───── Data extract

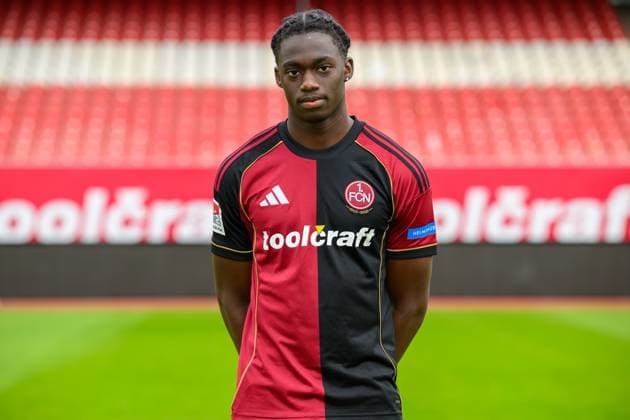 17.09.2025 - 1. FC Nürnberg FCN ( Club ) - 2. Fussball Bundesliga BL - Saison 2025 2026 - Fototermin Porträttermin Vorstellung Präsentation Pressetermin - - Einzelbild Einzelfoto Portrait Porträt Kopfbild - Mustapha Hindolo (22, 1. FC Nürnberg FCN )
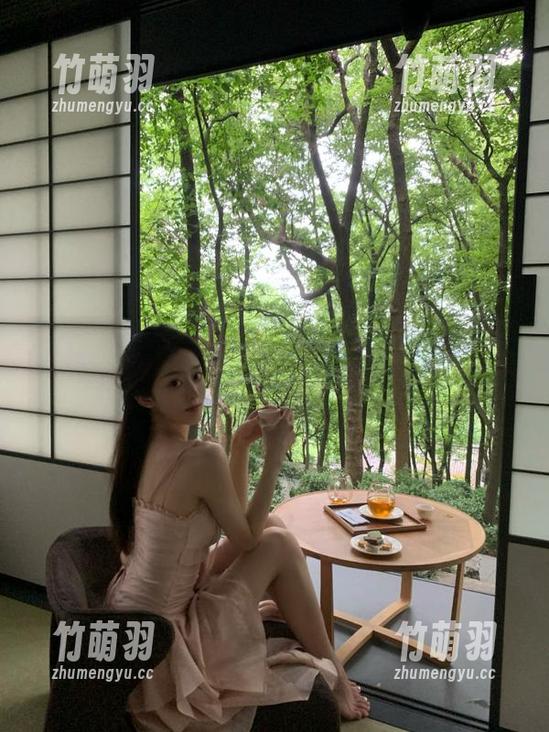 青豆客 - 探索AZHUA的白丝写真世界：每张照片都有故事.txt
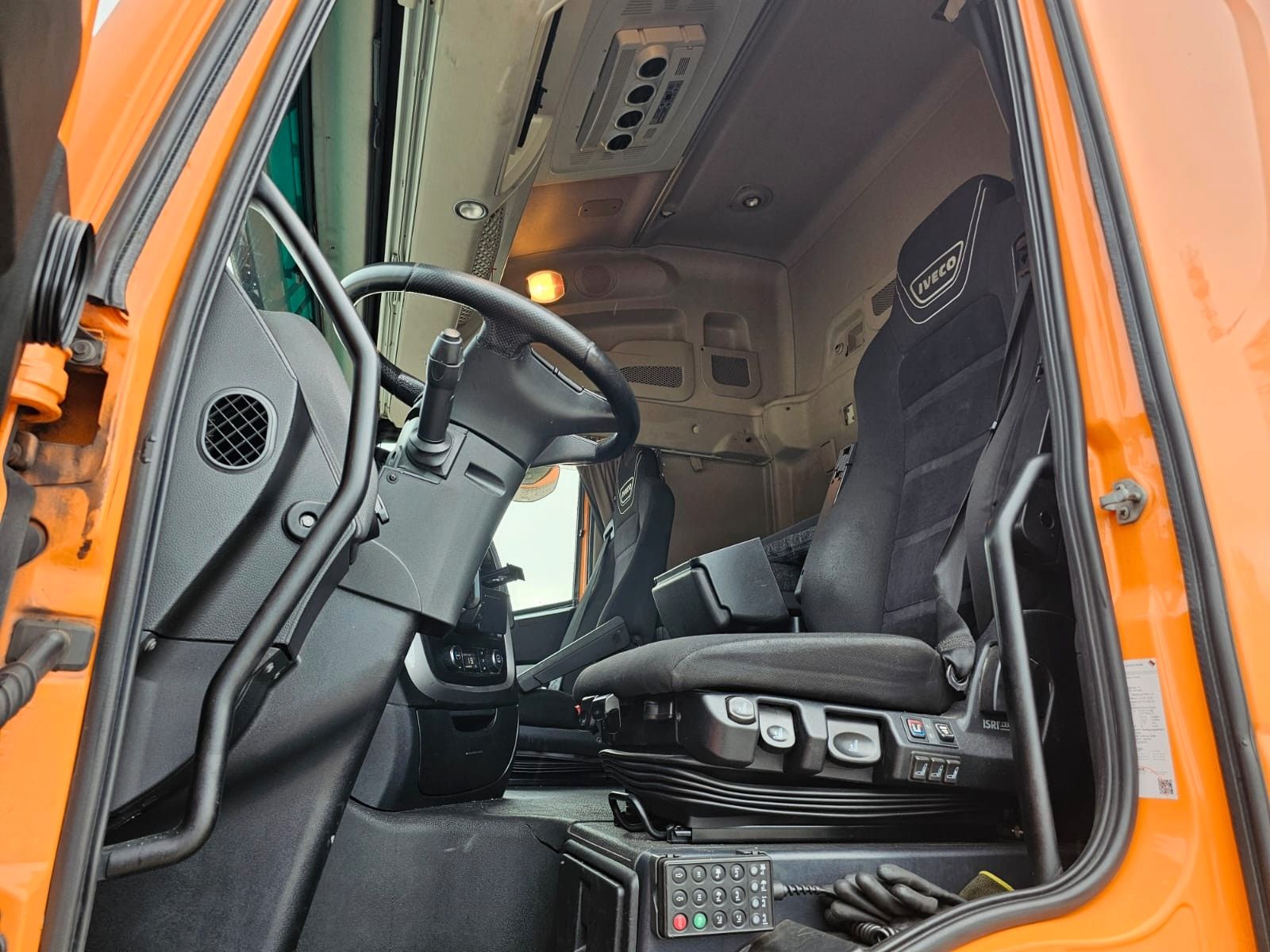 Fahrzeugabbildung Iveco 460 Hi Way, Retarder, Abstandstempomat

──────────

# Required action:
Once more, give the listing above exactly, leaving each picture out.

# Solution to this task:
 17.09.2025 - 1. FC Nürnberg FCN ( Club ) - 2. Fussball Bundesliga BL - Saison 2025 2026 - Fototermin Porträttermin Vorstellung Präsentation Pressetermin - - Einzelbild Einzelfoto Portrait Porträt Kopfbild - Mustapha Hindolo (22, 1. FC Nürnberg FCN )
 青豆客 - 探索AZHUA的白丝写真世界：每张照片都有故事.txt
 Fahrzeugabbildung Iveco 460 Hi Way, Retarder, Abstandstempomat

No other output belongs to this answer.